こんにちは、ナカムラです。今回は「パーパス『意義化』する経済とその先」という書籍を紹介したいと思います。

昨今、盛んに叫ばれるようになった「パーパス」という概念について、それをどのように捉え、どのようにビジネスとして成立させるのかを、多様な事例と併せて紹介している書籍です。

著者はTakramのディレクター、佐々木康裕さん。イリノイ工科大学のデザイン学科修士で、以前ご紹介した「直感と論理をつなぐ思考法」の佐宗邦威氏と同じご出身、デザイン思考への造詣が深い実務家です。

今回は、そもそも「パーパス」とは何を意味するのか、世の中にはどのような事例が存在するのかを紹介した上で、個人的な解釈としての「パーパスをビジネスに実装する要点」を説明します。

1)「パーパス」とは

「パーパス」をそのまま翻訳すると「目的」となります。これ自体は間違いではないのですが、よりビジネスの文脈に合わせた表現にすると「社会的存在意義」となります。

その企業が社会に存在する意義を示すもの、社会に対して果たす責任(与える恩恵)とは何か、ということです。

過去のnoteでも何度か紹介している「ゴールデンサークル」における「Why(≒目的、信念)」に近い概念ですね。

つまり、概念としてはまったく新しくないのです。ただ、これが現在において非常に影響力を増してきているんですね。本書ではその変化の鍵となる考え方を「意義化」と表現しています。

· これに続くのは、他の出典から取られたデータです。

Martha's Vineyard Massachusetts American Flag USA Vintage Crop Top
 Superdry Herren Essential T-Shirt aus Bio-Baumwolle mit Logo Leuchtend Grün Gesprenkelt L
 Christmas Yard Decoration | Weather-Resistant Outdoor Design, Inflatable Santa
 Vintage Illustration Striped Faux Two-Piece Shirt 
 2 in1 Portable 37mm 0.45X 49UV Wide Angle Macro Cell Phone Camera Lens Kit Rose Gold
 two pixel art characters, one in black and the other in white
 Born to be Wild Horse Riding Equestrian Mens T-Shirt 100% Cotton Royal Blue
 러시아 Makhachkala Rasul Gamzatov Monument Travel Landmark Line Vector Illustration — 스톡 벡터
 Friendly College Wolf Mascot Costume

この「意義化」という考え方は、「企業」「消費者」「コンテクスト」の3つの観点における経済変化を総括するものです。

【企業の変化】
・人間中心 → 地球中心
・利益 → 社会善
・破壊的ビジネス → 優しいビジネス

【消費者の変化】
・スタイル → スタンス
・X世代 → Z世代・ミレニアル世代

【コンテクストの変化】
・周辺 → 中心
・生徒会長 → アウトロー

ひとつずつ中身を見ていきましょう。

●人間中心 → 地球中心
人間中心設計は、「人間(ユーザー)を理解し、真のニーズを見つけて問題解決する」という設計思想ですが、よりサステナビリティに重点を置く考え方として「地球中心設計」が重要視され始めています。
●利益 → 社会善
現在、3分の2の消費者が「ブランドの社会的・政治的スタンスによって購買を決定する」ようになっており、社会善に資すること=消費者の支持を得ること、すなわち「儲かること」になりつつあります。
●破壊的ビジネス → 優しいビジネス
テクノロジーによる破壊的イノベーションによって、様々な倫理問題が発生しています。利便性 > 倫理観の構図です。このような状態から脱するために、ビジネスにHumanity(人間性)の観点を取り込んでいこう、という流れが生まれています。
●スタイル → スタンス
プロダクトやサービスの見栄えをよく見せる、インフルエンサー達が自分を視覚的によく見せる、といった行動は消費者に響かなくなっています。社会的・政治的課題に対してどんな姿勢を取り、活動しているか?が重視されてきています。
●X世代 → Z世代・ミレニアル世代
Z世代・ミレニアル世代は、すでにアメリカでは50%以上のシェアを持つ巨大なマーケットに成長しています。それだけでなく、質的観点においても次のカルチャーやスタンダードを作る世代として注目が集まっています。
●周辺 → 中心
これまで、社会課題の解決(≒非財務的活動)は、事業とは直接関係のない領域で、CSRとして慈善活動的に行われていた節があります。しかし、現在はそれを事業のど真ん中にピン留めし、そのパフォーマンスまで評価する時代へと変化しています。
●生徒会長 → アウトロー
「パーパス」をお行儀の良い、純粋な正論として語るだけでは人を動かすことはできません。それが「クール」であり「面白い」こととして、社会に受け入れられるような工夫が必要になっています。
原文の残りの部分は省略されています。